» **What to do**
Everything in the data below should be restated word for word.

» **The data**

--- START ---

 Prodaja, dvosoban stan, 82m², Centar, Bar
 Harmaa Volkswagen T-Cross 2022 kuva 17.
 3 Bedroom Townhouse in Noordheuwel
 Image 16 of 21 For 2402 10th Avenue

--- END ---

» **Solution**
 Prodaja, dvosoban stan, 82m², Centar, Bar
 Harmaa Volkswagen T-Cross 2022 kuva 17.
 3 Bedroom Townhouse in Noordheuwel
 Image 16 of 21 For 2402 10th Avenue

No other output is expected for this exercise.